# Looking for other tracks.



## H.O. Slotrods (Jan 30, 2009)

I live in Ottumwa IA. and looking for other tracks that might be close by say a hour or so. we are racing on a 100 foot 4 lane tomy track. it has around 55 feet of staights and around 26 turns on a 16x7 table. Astron power supply,lap timer 2000 with IR LEDs(wich seems to work great).All in my modest little basement.It would be nice to find other tracks in area to visit and to invite to ours, even if you dont have a track and looking for some where to race let me know.


----------



## rudykizuty (Aug 16, 2007)

*But what about yours?*



H.O. Slotrods said:


> we are racing on a 100 foot 4 lane tomy track. it has around 55 feet of staights and around 26 turns on a 16x7 table.
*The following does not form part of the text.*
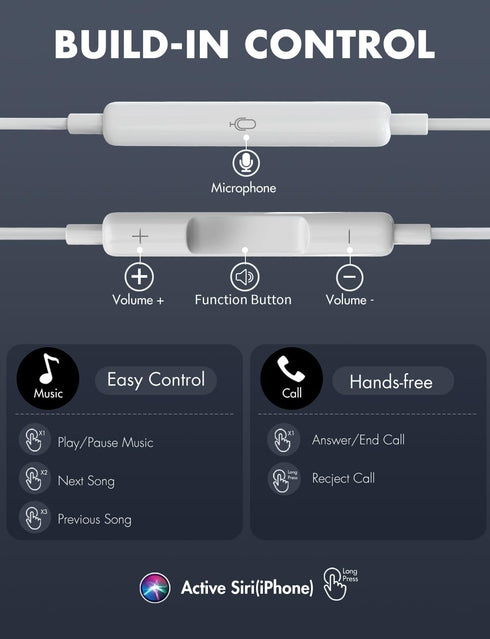 Wired Earbuds,?Ultra Clear Calls & no Noise? Headphones Earbuds Wired 3.5mm, in-Ear Earphones with Mic, Compatible with iPhone/iPad/Android/Laptop...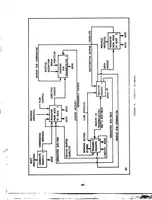 An illustration from Design and Implementation of a Generic Computer Network Simulation System (1983)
Astron power supply,lap timer 2000 with IR LEDs(wich seems to work great).All in my modest little basement.
> 
> 
> > That description calls for some pics. Enquiring minds want to see
> ...


----------



## NTxSlotCars (May 27, 2008)

Everyone's still waiting for track pics!!!!!!  How far are you from Texas?


----------



## H.O. Slotrods (Jan 30, 2009)

Ok I will try to get pics tonight and post them.


----------



## H.O. Slotrods (Jan 30, 2009)

Here it is the best pic i can get of the track.Some of the coners are cut off in the pic but you get a good ideal. and a pic of a couple of my customs. We run everything from standard afx to mega g. It takes a good tuned SRT about 5 sec for a lap. A good MT about 17 sec. 440x2 around 11sec.We have 10 min races (10 min on a lane,switch lanes,marshal your own car)every sat night. Man do we have a ball. 
The rollback car hauler is a tyco cab.with a afx semi rear body.chassie is afx non mag.The 41 willys body is a JL thunder jet 500 on a afx MT, yes on a MT.Little red wagon i think is a tyco body,on a non mag chassie with blue red wire arm.yellow blue mags. It has no problem wheelie the full length of the straight.The 30 duece is a chopped afx body on a SRT narrow chassie.BSRT motor, fun to play with.


----------



## slotnewbie69 (Dec 3, 2008)

nice stuff!i like that layout!i have backstraight envy!our place is so tiny i would take up the whole kitchen with that track!don't think the TM would approve somehow,LOL!nice customs too!so the willys is on a mt chassis eh?hmmmmmmm mine is on a stock nos tjet chassis with afx wheels and axles...ya got me thinkin!


----------



## H.O. Slotrods (Jan 30, 2009)

hey slotnewbie,thank u. most of us like the backstaight too,kind of our little dragstrip.planning to build a drag strip but i dont have room for a 20 foot 1/4 mile so it will have to be a 1/8 mile,oh well.on the willys as i am sure u know you have to cut the body mounting ears off of the chassie.then i drill down into the chassie and bridge the gap.then use the opening for the body mount, clips on and off holds nicely.i make my own aluminum wheels,with stock axles.of cource it needed a set of moons. my bad this is track building. later


----------



## slotnewbie69 (Dec 3, 2008)

thanks for the tip!i have a spare mt around somewheres...so you machine wheels too?nice...you are a machinist by trade then,i am guessing?


----------



## H.O. Slotrods (Jan 30, 2009)

no,body man 3 years, auto tech 20 years,driver for 4 years.i do alot of fabs on alot of things car,motorcycles,biycles,RCs,slotcars.i dont buy it if can fab it,and i fab it if i cant buy it.if u know what i mean.


----------



## slotnewbie69 (Dec 3, 2008)

yeah.our dragstrip is 15 ' long,and it works well enough.we don't have high end cars just what we got kickin around.


----------